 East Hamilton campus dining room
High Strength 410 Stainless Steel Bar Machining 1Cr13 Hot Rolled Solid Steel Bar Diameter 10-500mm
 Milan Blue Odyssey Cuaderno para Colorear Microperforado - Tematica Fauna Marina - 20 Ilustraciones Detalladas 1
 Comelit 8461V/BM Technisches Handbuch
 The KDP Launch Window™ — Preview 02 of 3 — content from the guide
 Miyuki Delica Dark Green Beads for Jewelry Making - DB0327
...
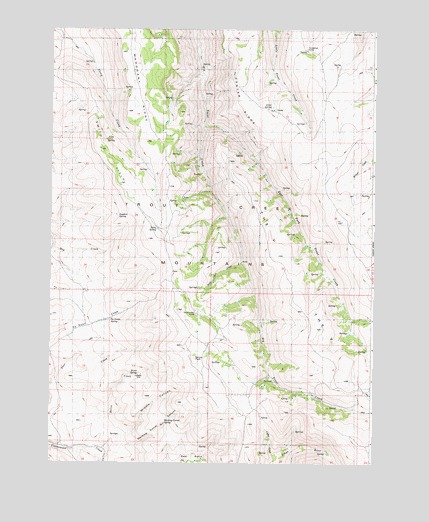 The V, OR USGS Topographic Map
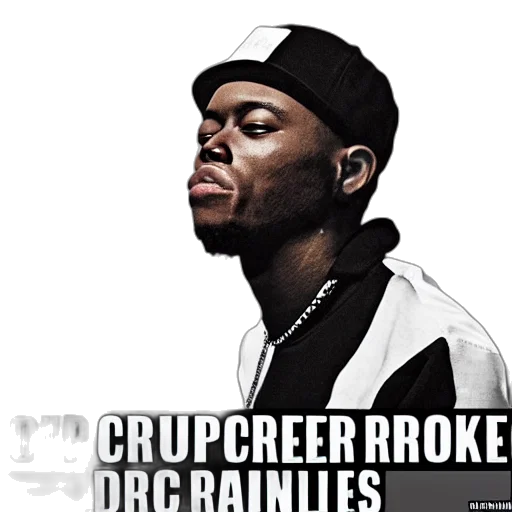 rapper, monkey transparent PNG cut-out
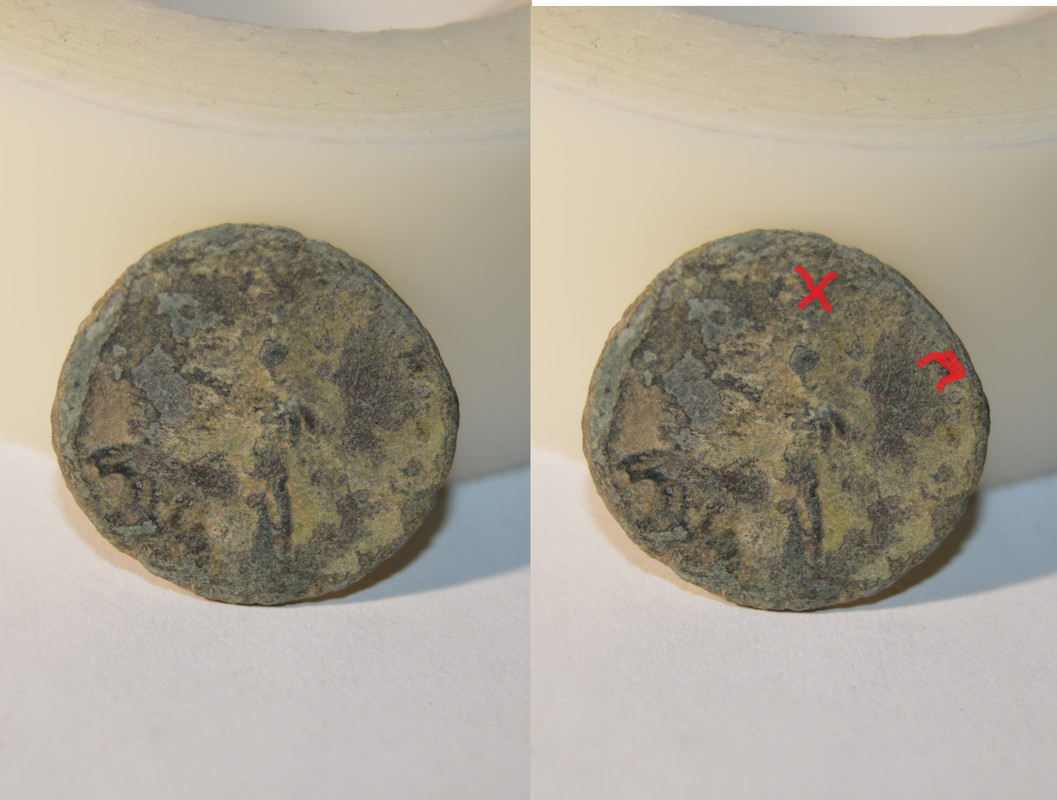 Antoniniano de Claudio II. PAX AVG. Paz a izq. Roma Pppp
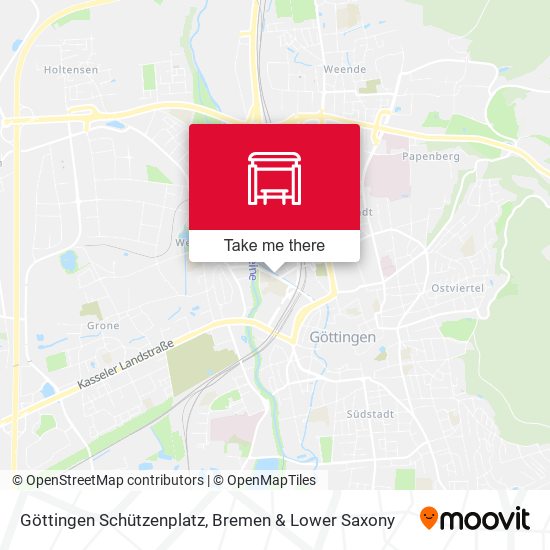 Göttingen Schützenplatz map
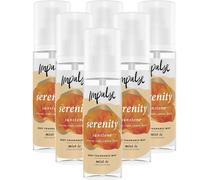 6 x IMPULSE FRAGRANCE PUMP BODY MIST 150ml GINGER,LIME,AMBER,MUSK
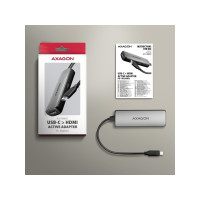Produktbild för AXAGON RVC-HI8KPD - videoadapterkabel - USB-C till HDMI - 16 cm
==
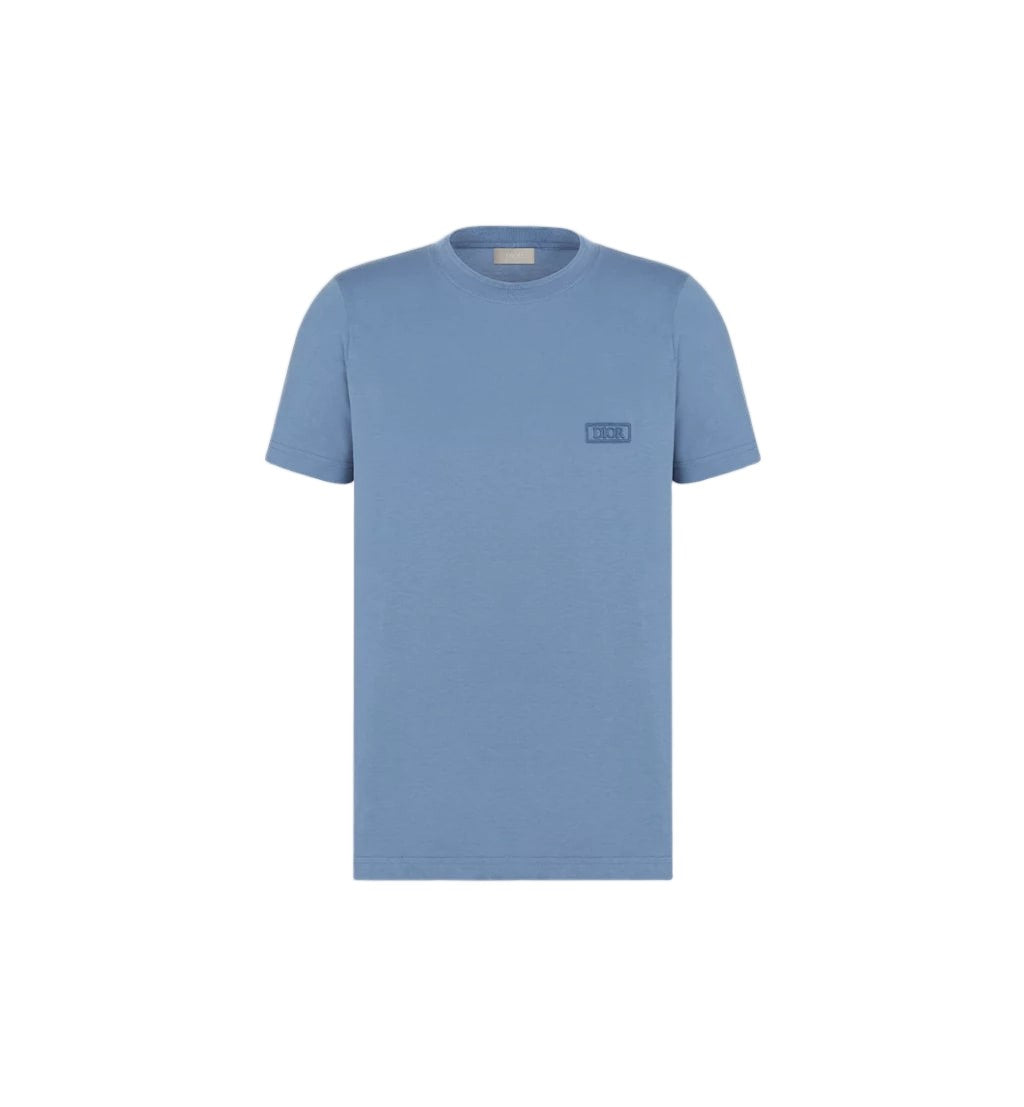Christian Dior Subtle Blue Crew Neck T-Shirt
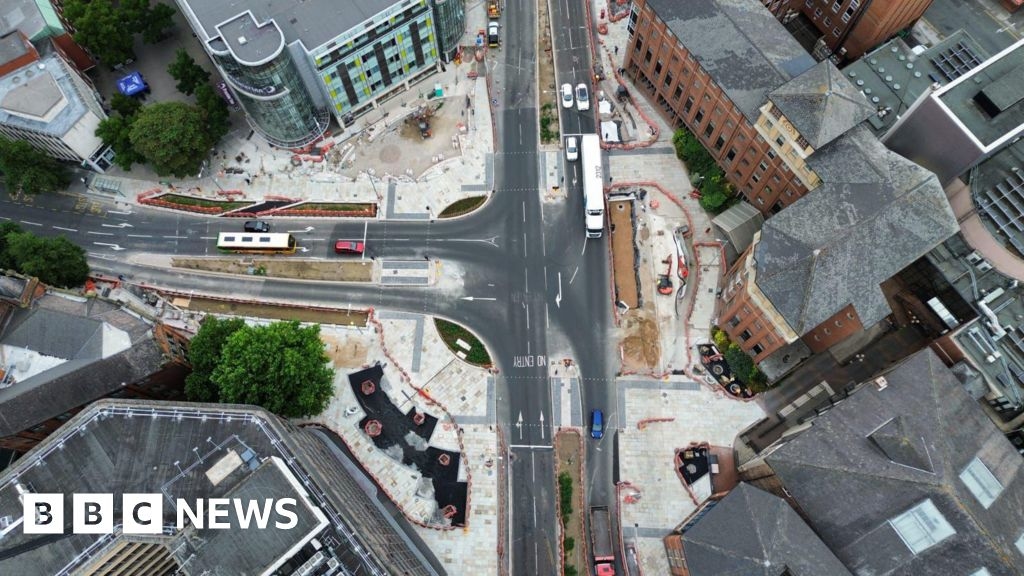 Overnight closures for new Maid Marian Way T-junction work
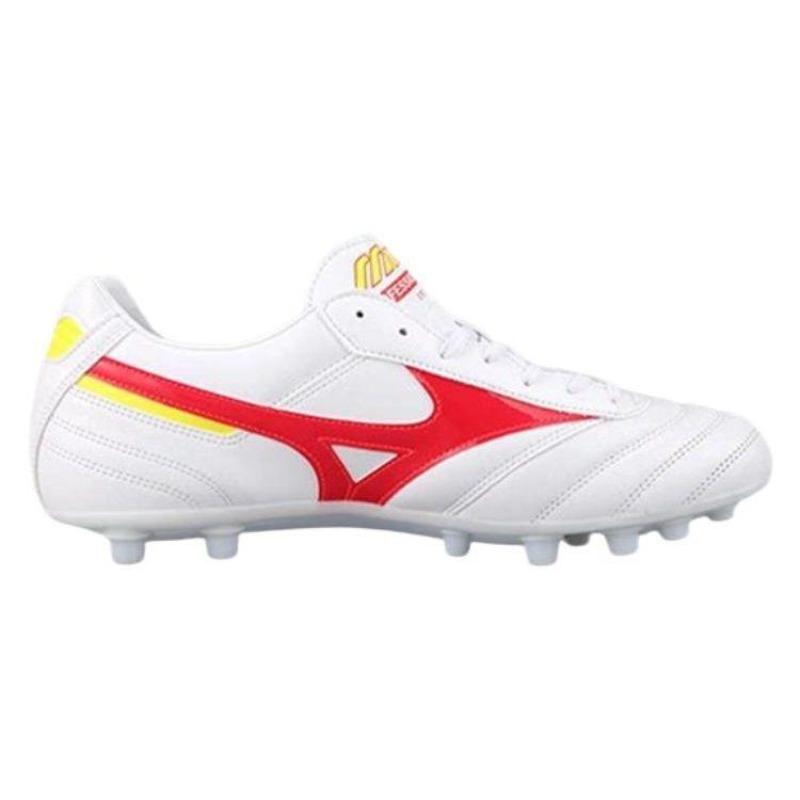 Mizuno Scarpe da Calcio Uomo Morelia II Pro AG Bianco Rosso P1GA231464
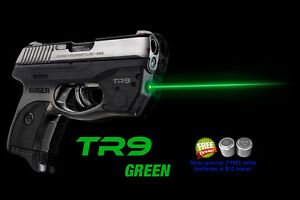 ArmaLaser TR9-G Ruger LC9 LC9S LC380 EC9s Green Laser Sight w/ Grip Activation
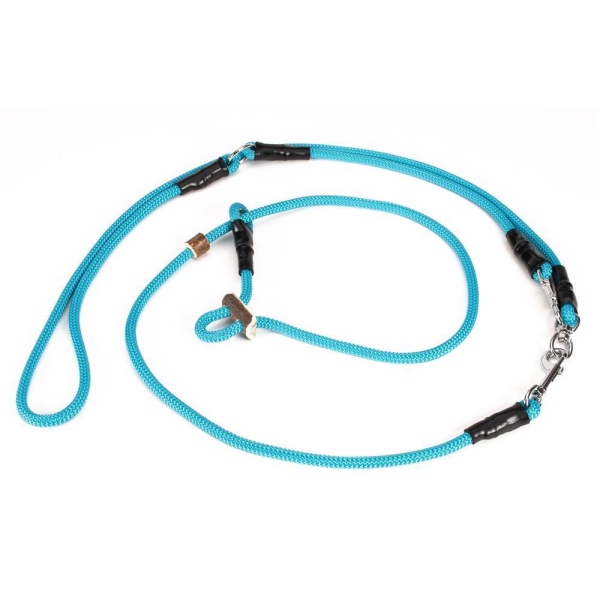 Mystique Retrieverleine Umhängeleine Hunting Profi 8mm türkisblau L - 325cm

# PROBLEM REQUIREMENTS:
An exact copy of the lines above between the line holding "East Hamilton campus dining room" and the line holding "The KDP Launch", inclusive, is the whole answer.

# RESPONSE TO THIS EXERCISE:
 East Hamilton campus dining room
High Strength 410 Stainless Steel Bar Machining 1Cr13 Hot Rolled Solid Steel Bar Diameter 10-500mm
 Milan Blue Odyssey Cuaderno para Colorear Microperforado - Tematica Fauna Marina - 20 Ilustraciones Detalladas 1
 Comelit 8461V/BM Technisches Handbuch
 The KDP Launch Window™ — Preview 02 of 3 — content from the guide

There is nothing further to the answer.